Hollywood-based homicide detective Al Mackie (James Garner) and his partner Marty Wellborn (John Lithgow) are assigned to investigate the murder of movie mogul Malcolm Sinclair. Resigned to the possibility they may actually have to solve a case for once rather than let fate take its course, the duo question a series of shifty Hollywood characters who each had motive and opportunity. One of them is Willie (Margot Kidder), a hardboiled actress who sparks up a romantic relationship with Al. Meanwhile troubled divorcee Marty frets over the safety of a young informant he treats like a son. Eventually Al and Marty uncover details of a child porn ring that leaves them with more sympathy for the killer than the victim.

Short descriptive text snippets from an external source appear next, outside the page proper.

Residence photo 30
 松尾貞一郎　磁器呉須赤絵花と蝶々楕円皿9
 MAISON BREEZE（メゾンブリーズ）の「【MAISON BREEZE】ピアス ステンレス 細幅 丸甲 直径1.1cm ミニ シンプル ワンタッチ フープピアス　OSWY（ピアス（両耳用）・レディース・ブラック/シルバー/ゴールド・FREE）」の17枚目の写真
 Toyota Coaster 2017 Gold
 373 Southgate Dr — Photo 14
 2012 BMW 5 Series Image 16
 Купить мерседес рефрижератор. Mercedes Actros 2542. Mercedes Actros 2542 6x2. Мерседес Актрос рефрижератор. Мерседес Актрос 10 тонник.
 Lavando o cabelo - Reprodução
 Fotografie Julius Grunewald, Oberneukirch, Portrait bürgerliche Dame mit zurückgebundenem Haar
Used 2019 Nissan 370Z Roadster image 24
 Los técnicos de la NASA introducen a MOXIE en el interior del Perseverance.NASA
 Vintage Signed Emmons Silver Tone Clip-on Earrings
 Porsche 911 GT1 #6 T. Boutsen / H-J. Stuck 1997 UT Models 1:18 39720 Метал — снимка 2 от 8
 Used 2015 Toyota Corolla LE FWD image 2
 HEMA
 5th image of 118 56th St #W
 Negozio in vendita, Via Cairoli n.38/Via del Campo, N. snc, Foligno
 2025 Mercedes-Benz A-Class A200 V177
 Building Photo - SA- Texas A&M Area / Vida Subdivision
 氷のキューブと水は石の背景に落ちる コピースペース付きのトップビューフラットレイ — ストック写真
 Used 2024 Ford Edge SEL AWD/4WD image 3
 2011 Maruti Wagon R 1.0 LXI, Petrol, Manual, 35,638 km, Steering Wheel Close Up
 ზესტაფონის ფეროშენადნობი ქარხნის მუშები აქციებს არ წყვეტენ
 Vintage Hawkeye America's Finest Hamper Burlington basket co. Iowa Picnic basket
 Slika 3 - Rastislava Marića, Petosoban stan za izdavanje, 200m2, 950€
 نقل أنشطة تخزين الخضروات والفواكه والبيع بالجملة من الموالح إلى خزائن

Having last worked together on the altogether more lighthearted The Long Summer of George Adams (1982), James Garner and actor-turned-director Stuart Margolin, co-stars on the peerless detective show The Rockford Files, re-teamed for The Glitter Dome, another movie based on a novel by cop turned crime writer Joseph Wambaugh. In this instance one of the earliest produced by the HBO network, hence the filmmakers were free to push the envelope with content and language stronger than was typical for TV movies the Eighties. Wambaugh's work first reached the screen with gritty, realistic, borderline nihilistic cop drama The New Centurions (1972). After Robert Aldrich bastardized his work with the underwhelming The Choirboys (1977) the author insisted on adapting his own novels for the screen as was the case with the acclaimed The Onion Field (1979). Wambaugh's later novels reflected his growing fascination with the seedy side of Hollywood and that was front and centre in The Glitter Dome. Filmed in a mix of retro-Forties film noir shadow and garish Eighties neon light the central message is aptly surmised by James Garner's cynical, hardboiled narration as not a cop story at all but rather a story of survival.
Indeed Wambaugh, along with co-writer Stanley Kallis, makes it a point to underline his contempt for the Hollywood crime thriller with its heroic cops, crimes solved in the nick of time and happy endings. The film goes out of its way to deny viewers the vicarious thrills of a conventional crime thriller. Wambaugh's well-plotted central mystery adheres to the rigid procedural formula as the cops question suspect after suspect, seedy character after seedy character. Each of them is guilty of something, from the cinematographer who moonlights shooting kiddie porn to the script supervisor (Colleen Dewhurst) clearly exploiting a teenage runaway (Christianne Hirt) for her own sick gratification. Yet the script makes a point of stressing cops like Al and Marty are powerless to really do anything except pick up the pieces after another innocent has been bled dry. In most cases the perpetrators are simply too powerful for the cops to touch as Dewhurst's character sneers at one point. When they finally crack the case it is more the result of unrelated events colliding together through happenstance and sheer dumb luck. Even the climax deliberately sidelines Big Name Star James Garner with an almost comical injury while a hitherto unimportant minor supporting cop takes care of the action, between struggling to recall the words to the nursery rhyme "This Little Piggy."